OP's approach will indeed work for most "minimalist"/single-header libraries, but, I personally feel it pollutes the API you're exposing to your users.

Depending on the specific situation, I may sometimes choose to expose a MODULE_CreateObject() and a MODULE_CreateObjectEx(custom_allocator, custom_deallocator).

Internally, MODULE_CreateObject() calls MODULE_CreateObjectEx(), passing the module's default allocators and deallocators (ie. HeapAlloc and HeapFree). This strikes me as a more balanced approach.

One caveat here, is that you must enforce consistency across usage - you don't want some API calls to use malloc() for allocation, whilst others use HeapFree() for deallocation, that would be a recipe for disaster.

To ensure that, I would often set the allocators and deallocators once, when the object is first created. They may be set through the object's initialization function, and they persist as part of the object itself.

2 comments

> I personally feel it pollutes the API you're exposing to your users.

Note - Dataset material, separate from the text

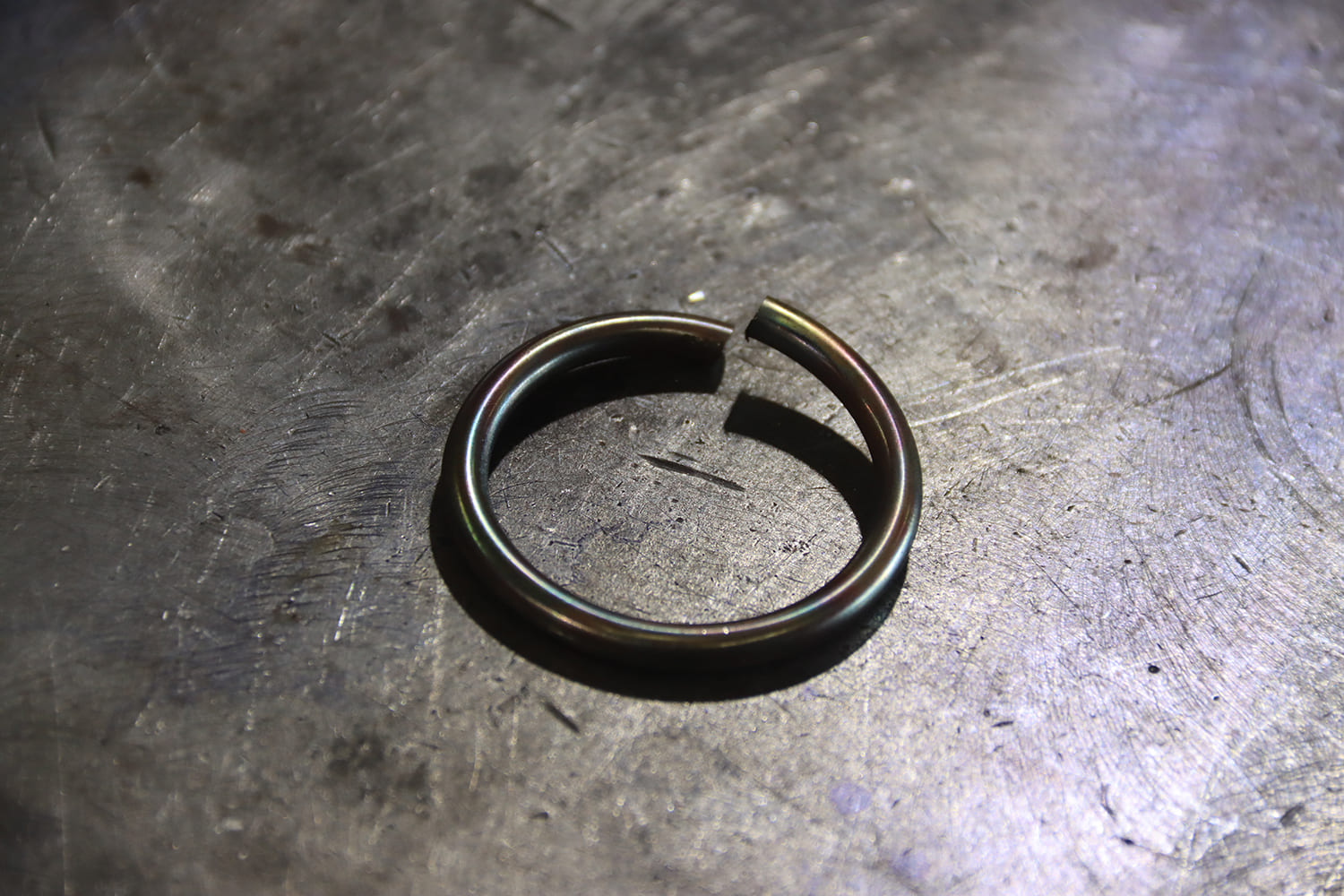 32 1967 chevy nova custom core support spring steel retaining ring laid out on table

Pollution is in the eye of the beholder. There are many circumstances where a project or subset of a project needs to work without a heap, they just don't necessarily overlap with the "application layer code in a virtual memory process" world your intuition is calibrated against.

And sometimes this stuff needs to read a JSON object or decode base64 or utf8 too, and can't because the library is too thick.

> "Pollution is in the eye of the beholder. There are many circumstances where a project or subset of a project needs to work without a heap, they just don't necessarily overlap with the "application layer code in a virtual memory process" world your intuition is calibrated against."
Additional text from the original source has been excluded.